A lawsuit would be filed against Canada and it would be settled and it was determined that our stolen childhoods, cultures and languages were worth a paltry $25,000. Our very identity was determined to be worth less than the poverty level for a single family of two. This hardly seems fair but then again, when has Canada ever been fair to the country’s original inhabitants?
I decided that my trauma could be something I could harness and use to fight back for a better tomorrow for my people. We have a belief in our culture that speaks of seven generations and that our actions will echo forward seven generations. There is an opportunity to rebuild, grow and change the future of our shattered cultures and fractured relationships. I look back at all the wrongs that have been done, and I have promised that I would not willingly allow that to happen to another person again regardless of what colour their skin was.
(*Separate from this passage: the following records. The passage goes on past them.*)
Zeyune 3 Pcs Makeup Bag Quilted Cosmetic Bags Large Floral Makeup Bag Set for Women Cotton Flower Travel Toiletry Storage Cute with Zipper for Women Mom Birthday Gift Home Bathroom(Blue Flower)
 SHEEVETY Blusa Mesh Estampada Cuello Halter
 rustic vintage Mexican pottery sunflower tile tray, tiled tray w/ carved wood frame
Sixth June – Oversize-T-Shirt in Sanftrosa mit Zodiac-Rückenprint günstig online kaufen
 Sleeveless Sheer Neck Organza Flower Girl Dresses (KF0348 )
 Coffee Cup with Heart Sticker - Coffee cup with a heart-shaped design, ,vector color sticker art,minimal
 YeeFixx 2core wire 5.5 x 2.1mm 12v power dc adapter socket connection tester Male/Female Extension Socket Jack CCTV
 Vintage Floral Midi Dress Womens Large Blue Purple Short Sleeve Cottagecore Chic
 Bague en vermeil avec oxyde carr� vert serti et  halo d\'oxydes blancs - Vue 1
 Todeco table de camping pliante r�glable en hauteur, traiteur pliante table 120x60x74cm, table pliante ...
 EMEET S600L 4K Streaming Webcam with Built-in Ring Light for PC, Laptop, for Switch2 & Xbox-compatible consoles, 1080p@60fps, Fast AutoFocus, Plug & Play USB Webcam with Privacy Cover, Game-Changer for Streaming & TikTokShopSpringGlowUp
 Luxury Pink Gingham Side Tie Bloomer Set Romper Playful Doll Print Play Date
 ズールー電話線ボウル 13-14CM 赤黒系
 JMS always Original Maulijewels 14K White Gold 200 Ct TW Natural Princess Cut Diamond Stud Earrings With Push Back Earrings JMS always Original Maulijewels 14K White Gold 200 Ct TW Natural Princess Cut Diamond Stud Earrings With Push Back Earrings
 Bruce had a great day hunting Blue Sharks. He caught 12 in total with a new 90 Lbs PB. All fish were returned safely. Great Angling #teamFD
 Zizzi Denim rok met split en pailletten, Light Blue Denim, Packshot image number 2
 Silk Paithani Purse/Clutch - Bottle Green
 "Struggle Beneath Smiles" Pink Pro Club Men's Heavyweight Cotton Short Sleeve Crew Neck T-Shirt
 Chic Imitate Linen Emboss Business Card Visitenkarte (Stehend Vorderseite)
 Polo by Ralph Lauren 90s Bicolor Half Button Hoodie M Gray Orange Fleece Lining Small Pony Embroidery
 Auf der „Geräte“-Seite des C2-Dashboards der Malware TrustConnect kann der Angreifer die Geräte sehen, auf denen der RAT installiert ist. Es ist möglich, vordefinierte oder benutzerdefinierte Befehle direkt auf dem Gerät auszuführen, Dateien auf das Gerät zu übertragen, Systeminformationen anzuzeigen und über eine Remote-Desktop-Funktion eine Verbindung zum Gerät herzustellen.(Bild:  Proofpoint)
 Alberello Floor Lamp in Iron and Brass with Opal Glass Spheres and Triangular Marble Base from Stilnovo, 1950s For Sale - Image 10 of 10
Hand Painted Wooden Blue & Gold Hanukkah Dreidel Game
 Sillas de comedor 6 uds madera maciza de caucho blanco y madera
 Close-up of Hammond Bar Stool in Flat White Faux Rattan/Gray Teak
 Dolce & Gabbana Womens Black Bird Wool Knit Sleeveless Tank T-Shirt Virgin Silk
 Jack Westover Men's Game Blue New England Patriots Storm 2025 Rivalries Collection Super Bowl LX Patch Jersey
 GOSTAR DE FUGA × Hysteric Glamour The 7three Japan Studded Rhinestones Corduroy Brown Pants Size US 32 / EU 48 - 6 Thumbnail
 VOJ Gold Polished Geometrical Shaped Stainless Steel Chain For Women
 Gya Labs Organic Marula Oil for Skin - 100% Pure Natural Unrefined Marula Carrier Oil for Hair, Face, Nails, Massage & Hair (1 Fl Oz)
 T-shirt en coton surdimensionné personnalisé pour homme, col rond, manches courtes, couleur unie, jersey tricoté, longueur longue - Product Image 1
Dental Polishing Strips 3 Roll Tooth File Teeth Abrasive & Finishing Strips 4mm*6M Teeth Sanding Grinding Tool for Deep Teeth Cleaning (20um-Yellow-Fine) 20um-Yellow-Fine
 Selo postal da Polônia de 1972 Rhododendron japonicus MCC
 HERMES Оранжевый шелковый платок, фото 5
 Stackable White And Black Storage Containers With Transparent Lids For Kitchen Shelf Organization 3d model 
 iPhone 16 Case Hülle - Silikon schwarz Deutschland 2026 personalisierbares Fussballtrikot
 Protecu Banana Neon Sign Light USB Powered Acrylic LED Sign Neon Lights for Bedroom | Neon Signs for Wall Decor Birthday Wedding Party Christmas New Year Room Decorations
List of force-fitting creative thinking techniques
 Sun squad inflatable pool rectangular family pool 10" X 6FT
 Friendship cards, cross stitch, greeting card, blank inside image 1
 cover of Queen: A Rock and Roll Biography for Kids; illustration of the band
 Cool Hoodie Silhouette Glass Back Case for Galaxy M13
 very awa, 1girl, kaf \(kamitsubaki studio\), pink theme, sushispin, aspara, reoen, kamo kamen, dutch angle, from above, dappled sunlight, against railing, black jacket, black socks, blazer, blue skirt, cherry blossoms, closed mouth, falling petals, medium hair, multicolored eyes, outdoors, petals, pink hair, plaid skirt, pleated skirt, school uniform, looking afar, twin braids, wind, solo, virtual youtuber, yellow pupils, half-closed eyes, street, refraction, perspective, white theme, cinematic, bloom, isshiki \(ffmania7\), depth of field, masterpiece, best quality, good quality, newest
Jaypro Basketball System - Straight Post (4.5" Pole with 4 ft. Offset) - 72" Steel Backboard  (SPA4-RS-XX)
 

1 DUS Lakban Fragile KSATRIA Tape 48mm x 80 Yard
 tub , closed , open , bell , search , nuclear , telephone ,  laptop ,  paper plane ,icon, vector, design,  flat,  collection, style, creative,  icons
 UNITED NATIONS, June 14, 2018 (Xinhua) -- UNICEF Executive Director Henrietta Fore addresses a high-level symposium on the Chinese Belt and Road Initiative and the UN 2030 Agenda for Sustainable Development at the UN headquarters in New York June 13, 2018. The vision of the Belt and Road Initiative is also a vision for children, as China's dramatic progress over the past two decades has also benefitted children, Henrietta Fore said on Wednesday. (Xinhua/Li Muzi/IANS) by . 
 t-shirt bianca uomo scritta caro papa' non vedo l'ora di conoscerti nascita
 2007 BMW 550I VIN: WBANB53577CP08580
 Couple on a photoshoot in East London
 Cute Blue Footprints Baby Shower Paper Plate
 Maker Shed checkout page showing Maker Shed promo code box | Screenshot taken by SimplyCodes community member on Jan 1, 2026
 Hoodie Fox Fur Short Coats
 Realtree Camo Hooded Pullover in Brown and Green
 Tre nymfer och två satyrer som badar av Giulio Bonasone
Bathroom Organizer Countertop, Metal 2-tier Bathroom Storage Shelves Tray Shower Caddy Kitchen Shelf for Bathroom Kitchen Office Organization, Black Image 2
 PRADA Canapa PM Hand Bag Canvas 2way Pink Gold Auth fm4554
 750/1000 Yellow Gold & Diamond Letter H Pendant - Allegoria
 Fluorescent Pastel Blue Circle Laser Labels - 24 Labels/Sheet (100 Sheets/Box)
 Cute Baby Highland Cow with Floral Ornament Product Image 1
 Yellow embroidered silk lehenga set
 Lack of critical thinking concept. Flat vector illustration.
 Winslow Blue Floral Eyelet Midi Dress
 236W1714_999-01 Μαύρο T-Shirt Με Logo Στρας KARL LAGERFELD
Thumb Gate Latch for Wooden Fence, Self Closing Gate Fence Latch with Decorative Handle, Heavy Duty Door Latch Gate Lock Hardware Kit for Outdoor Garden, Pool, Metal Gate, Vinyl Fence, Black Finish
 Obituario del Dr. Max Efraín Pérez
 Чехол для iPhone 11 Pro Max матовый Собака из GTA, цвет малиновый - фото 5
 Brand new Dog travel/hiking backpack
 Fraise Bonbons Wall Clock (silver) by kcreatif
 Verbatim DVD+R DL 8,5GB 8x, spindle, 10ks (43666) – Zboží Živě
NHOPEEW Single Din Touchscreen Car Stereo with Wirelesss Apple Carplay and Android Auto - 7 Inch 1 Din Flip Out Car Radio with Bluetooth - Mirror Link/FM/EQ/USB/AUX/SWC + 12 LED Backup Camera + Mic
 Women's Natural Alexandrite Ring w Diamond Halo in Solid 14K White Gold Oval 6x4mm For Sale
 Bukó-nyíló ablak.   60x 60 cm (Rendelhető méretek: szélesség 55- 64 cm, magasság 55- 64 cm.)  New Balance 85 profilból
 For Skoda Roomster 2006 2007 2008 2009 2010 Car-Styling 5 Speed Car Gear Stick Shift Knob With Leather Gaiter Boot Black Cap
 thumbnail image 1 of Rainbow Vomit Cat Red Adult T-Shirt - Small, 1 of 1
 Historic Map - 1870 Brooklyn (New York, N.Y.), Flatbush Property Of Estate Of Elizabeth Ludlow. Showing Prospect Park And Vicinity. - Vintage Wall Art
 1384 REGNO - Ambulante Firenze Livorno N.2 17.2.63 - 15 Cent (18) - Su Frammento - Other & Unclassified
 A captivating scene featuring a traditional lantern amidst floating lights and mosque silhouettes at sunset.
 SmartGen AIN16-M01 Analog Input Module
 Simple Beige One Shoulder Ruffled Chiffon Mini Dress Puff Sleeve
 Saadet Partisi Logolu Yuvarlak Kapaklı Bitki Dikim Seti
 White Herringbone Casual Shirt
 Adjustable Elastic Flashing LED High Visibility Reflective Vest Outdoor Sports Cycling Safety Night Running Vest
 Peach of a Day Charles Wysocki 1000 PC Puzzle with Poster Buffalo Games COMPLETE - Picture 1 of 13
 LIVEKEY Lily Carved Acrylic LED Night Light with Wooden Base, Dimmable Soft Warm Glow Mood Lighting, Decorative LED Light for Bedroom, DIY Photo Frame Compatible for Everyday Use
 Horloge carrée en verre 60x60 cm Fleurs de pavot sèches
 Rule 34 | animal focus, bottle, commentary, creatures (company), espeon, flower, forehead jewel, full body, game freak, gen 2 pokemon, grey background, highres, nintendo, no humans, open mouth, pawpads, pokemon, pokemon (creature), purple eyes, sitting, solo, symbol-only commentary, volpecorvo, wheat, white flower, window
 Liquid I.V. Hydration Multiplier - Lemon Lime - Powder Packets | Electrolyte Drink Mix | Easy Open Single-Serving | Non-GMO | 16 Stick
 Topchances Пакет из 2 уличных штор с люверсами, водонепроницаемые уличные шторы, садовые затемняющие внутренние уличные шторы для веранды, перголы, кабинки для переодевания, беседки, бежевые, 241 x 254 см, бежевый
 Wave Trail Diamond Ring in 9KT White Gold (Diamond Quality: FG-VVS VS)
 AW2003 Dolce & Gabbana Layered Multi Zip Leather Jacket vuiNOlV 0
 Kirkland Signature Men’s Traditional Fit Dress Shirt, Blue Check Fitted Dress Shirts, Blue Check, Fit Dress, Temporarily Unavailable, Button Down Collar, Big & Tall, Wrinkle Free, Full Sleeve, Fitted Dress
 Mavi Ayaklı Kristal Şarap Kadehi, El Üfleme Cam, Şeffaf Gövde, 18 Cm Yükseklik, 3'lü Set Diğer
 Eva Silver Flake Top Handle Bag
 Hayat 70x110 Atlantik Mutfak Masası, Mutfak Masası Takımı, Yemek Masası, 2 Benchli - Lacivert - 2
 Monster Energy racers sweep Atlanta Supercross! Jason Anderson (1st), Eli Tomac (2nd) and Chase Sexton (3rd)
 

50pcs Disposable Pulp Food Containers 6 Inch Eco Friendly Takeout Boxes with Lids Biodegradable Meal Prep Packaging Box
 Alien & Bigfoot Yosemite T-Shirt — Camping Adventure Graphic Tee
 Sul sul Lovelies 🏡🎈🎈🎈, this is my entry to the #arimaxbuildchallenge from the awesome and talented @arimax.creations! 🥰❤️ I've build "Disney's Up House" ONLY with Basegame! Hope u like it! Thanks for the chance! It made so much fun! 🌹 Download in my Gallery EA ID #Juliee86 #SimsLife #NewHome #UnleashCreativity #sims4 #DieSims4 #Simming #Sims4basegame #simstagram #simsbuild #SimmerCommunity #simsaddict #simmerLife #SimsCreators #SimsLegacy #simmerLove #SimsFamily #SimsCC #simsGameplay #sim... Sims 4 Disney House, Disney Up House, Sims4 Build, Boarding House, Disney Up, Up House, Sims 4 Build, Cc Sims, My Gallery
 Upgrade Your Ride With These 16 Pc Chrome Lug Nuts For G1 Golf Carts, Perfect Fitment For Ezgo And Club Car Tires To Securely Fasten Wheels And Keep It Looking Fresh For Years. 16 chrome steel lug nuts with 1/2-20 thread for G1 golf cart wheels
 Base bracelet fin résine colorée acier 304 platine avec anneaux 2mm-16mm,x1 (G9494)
My Indigenous spirit name translates to “Heart of the river” in Ojibwe. My name means that I build community and like the river, I can connect all things and be the flow of life itself. Water connects all living things and is the essence of life, it is necessary to all things and it is necessary to build successful communities.
We can’t change the past but we can change what happens in the future and we can promise that we won’t willingly visit those wounds upon future generations.
O'dah ziibing indizhinikaaz. I am Heart of the river. I am a Sixties Scoop survivor and I want you to consider building a better future for the next seven generations.
Mike "O'dah ziibing / Heart of the river) Ashkewe is from Neyaashiinigmiing, Ontario. Mike is a disability and Indigenous activist in the city of Guelph. Mike has had a career in the media since 2007 in a variety of different roles such as commentator, reporter and podcaster.